In Donetsk, which has been under the control of Russian backed rebels since April 2014, the propaganda has a hermetic, relentless feel to it.

Eighty-eight year-old Nadya Moroz stares through the taped-up window of her flat in Donetsk, blown in by persistent bombing. She wonders why she abandoned her peaceful village for a “better life” in Donetsk with her daughter, just months before war erupted in spring 2014.

Nadya is no stranger to upheaval. She was captured by the Nazis when she was 15 and sent to shovel coal in a mine in Alsace, in eastern France. When the region was liberated by the Americans, she narrowly missed a plane taking refugees to the US, and so returned empty-handed to Ukraine. She never thought that she would see fighting again.

Now she and her daughter Irina shuffle around their dilapidated flat in the front-line district of Tekstilshchik. Both physically impaired, they seldom venture out.

The highlight of the women’s day is the television series Posledniy Yanychar (“The Last Janissary”), about an Ottoman slave soldier and his dangerous love for a free Cossack girl.

They leave the dog-walking to Irina’s daughter, Galya, who comes back just in time. We turn on the TV a few minutes before two o’clock to watch a news report on Channel One, the Russian state broadcaster. It shows a montage of unnerving images: Nato tanks racing in formation across a plain, goose-stepping troops of Pravy Sektor (a right-wing Ukrainian militia) and several implicit warnings that a Western invasion is nigh. I wonder how my hosts can remain so impassive in the face of such blatant propaganda.

In Donetsk, which has been under the control of Russian-backed rebels since April 2014, the propaganda has a hermetic, relentless feel to it. If the TV doesn’t get you, the print media, radio and street hoardings will. Take a walk in the empty central district of the city and you have the creeping sense of being transported back to what it must have been like in the 1940s. Posters of Stalin, with his martial gaze and pomaded moustache, were taboo for decades even under the Soviets but now they grace the near-empty boulevards. Images of veterans of the 1941-45 war are ubiquitous, breast pockets ablaze with medals.
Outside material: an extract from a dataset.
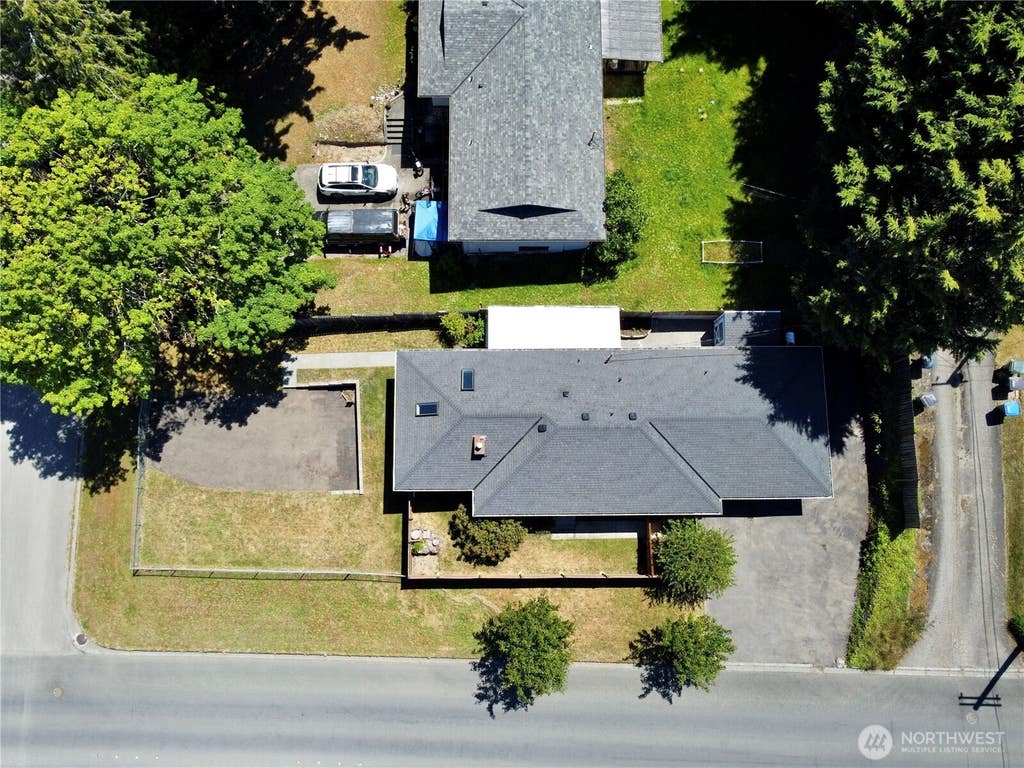 Photo of 1105 S I st. ST, Port Angeles, WA 98363 (MLS # 2541070)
Even the checkpoints bear the graffiti: “To Berlin!” It’s all inching closer to a theme-park re-enactment of the Soviet glory years, a weird meeting of propaganda and nostalgia.

So completely is the Donetsk People’s Republic (DPR) in thrall to Russia that even its parliament has passed over its new flag for the tricolour of the Russian Federation, which flutters atop the building. “At least now that the municipal departments have become ministries, everyone has been promoted,” says Galya, wryly. “We’ve got to have something to be pleased about.”

The war in the Donbas – the eastern region of Ukraine that includes Donetsk and Luhansk – can be traced to the street demonstrations of 2013-14. The former president Viktor Yanukovych, a close ally of Vladimir Putin, had refused to sign an agreement that would have heralded closer integration with the EU. In late 2013, protests against his corrupt rule began in Maidan Nezalezhnosti (“Independence Square”) in Kyiv, as well as other cities. In early 2014 Yanukovych’s security forces fired on the crowds in the capital, causing dozens of fatalities, before he fled.

Putin acted swiftly, annexing Crimea and engineering a series of “anti-Maidans” across the east and south of Ukraine, bussing in “volunteers” and thugs to help shore up resistance to the new authority in Kyiv. The Russian-backed rebels consolidated their power base in Donetsk and Luhansk, where they established two “independent” republics, the DPR and its co-statelet, the Luhansk People’s Republic (LPR). Kyiv moved to recover the lost territories, sparking a full-scale war that raged in late 2014 and early 2015.

Despite the so-called “peace” that arrived in autumn 2015 and the beguiling feeling that a certain normality has returned – the prams, the ice creams in the park, the bustling bars – missiles still fly and small-arms fire frequently breaks out. You can’t forget the conflict for long.

One reminder is the large number of dogs roaming the streets, set free when their owners left. Even those with homes have suffered. A Yorkshire terrier in the flat next door to mine started collecting food from its bowl when the war began and storing it in hiding places around the flat. Now, whenever the shelling starts, he goes to his caches and binge-eats in a sort of atavistic canine survival ritual.

Pet shops are another indicator of the state of a society. Master Zoo in the city centre has an overabundance of tropical fish tanks (too clunky to evacuate) and no dogs. In their absence, the kennels have been filled with life-size plastic hounds under a sign strictly forbidding photography, for reasons unknown. I had to share my rented room with a pet chinchilla called Shunya. These furry Andean rodents, fragile to transport but conveniently low-maintenance, had become increasingly fashionable before the war. The city must still be full of them.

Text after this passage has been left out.